• DATASET RECORDS
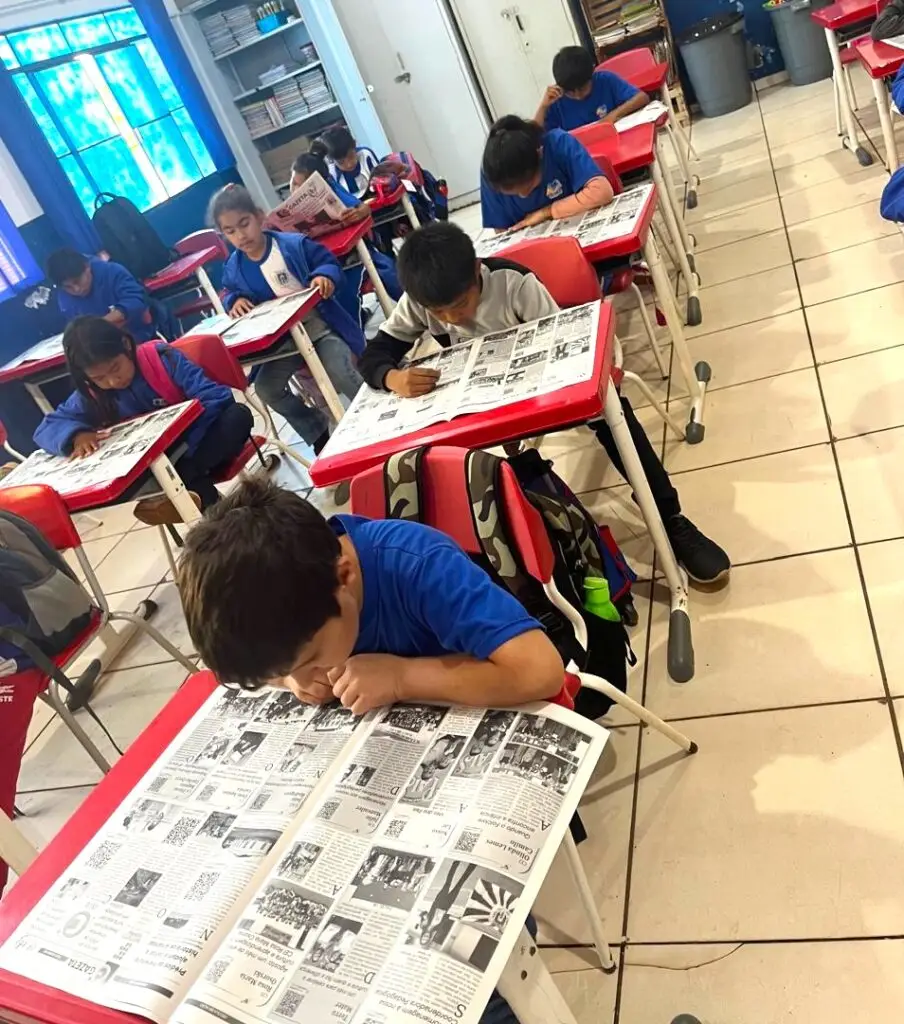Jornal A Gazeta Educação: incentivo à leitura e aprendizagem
--
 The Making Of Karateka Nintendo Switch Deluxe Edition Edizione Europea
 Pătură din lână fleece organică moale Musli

• YOUR INSTRUCTIONS
Retype exactly the lines of the data above that fall between the line with "The Making Of" and the line with "Pătură din lână fleece organică moale Musli", inclusive, and add nothing.

• FINISHED EXERCISE
 The Making Of Karateka Nintendo Switch Deluxe Edition Edizione Europea
 Pătură din lână fleece organică moale Musli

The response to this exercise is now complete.